An enclosed-type evacuated U-tube solar collector (EEUSC) with high efficiency and low cost was designed and constructed. A copper fin was employed in the U-tube to assume a constant heat flux. The thermal performance of the EEUSC was evaluated under a wide range of operating conditions. Moreover, to increase the heat transfer efficiency in the U-tube over the thermal resistance of the air gap, a novel method was developed, which entailed filling the gap with high-thermal-conductivity liquid. Multi-walled carbon nanotube (MWCNT) nanofluid was used as the working fluid. Evaluation results showed that the efficiency of the EEUSC is influenced primarily by the air gap and that it increases by 4% with the use of the MWCNT nanoliquid.
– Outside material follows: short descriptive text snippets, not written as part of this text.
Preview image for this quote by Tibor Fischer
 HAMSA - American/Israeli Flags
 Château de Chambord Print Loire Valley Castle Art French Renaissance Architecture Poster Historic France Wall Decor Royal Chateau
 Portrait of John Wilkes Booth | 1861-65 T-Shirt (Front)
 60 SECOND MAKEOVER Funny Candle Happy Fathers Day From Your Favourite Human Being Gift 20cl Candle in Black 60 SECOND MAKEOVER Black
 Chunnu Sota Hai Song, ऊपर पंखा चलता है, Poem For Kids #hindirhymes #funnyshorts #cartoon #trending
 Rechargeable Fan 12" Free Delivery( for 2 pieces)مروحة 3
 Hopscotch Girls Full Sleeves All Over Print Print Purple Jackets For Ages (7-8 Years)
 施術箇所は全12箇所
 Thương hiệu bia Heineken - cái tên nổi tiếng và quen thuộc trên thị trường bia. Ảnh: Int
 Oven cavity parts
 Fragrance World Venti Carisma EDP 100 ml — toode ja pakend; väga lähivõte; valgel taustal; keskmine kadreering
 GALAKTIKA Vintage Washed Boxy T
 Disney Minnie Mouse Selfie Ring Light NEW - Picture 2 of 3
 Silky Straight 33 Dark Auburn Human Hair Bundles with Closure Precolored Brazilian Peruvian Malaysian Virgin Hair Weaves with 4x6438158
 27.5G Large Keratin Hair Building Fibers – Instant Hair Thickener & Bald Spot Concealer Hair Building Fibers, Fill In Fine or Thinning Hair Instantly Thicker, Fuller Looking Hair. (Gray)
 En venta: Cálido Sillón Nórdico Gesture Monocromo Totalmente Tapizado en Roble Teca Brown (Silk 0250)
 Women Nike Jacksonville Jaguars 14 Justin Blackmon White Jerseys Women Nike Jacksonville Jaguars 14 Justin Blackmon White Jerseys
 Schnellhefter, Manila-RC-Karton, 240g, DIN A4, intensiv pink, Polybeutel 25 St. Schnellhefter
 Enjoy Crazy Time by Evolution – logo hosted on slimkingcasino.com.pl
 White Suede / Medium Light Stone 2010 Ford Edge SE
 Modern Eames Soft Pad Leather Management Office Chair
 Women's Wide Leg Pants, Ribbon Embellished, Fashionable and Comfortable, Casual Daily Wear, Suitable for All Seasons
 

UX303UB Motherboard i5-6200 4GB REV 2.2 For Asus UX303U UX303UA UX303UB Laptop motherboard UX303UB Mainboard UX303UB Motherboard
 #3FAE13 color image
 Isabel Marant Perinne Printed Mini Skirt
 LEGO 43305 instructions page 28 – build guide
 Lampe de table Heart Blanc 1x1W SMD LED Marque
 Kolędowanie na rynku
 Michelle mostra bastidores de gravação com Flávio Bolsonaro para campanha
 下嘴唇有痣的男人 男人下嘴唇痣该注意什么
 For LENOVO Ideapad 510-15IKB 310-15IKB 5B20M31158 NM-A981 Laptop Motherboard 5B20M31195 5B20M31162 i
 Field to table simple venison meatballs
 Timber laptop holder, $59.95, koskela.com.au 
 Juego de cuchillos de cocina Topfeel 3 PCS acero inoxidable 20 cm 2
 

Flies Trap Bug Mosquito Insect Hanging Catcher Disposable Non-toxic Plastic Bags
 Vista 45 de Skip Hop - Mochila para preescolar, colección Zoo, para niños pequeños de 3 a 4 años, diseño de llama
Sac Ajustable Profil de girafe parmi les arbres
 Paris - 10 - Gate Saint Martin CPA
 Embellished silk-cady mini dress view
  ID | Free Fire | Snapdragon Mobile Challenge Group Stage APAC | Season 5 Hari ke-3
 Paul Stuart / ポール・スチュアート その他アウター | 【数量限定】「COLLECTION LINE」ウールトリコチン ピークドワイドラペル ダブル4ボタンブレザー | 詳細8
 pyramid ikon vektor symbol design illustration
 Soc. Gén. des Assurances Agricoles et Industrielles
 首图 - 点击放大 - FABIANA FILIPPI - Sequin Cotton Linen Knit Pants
Calculations based on this improvement revealed that the annual CO2 and SO2 emissions will reduce by 1600 kg and 5.3 kg, respectively, when 50 solar collectors are employed.

Suggested Citation

  • Tong, Yijie & Kim, Jinhyun & Cho, Honghyun, 2015. "Effects of thermal performance of enclosed-type evacuated U-tube solar collector with multi-walled carbon nanotube/water nanofluid," Renewable Energy, Elsevier, vol. 83(C), pages 463-473.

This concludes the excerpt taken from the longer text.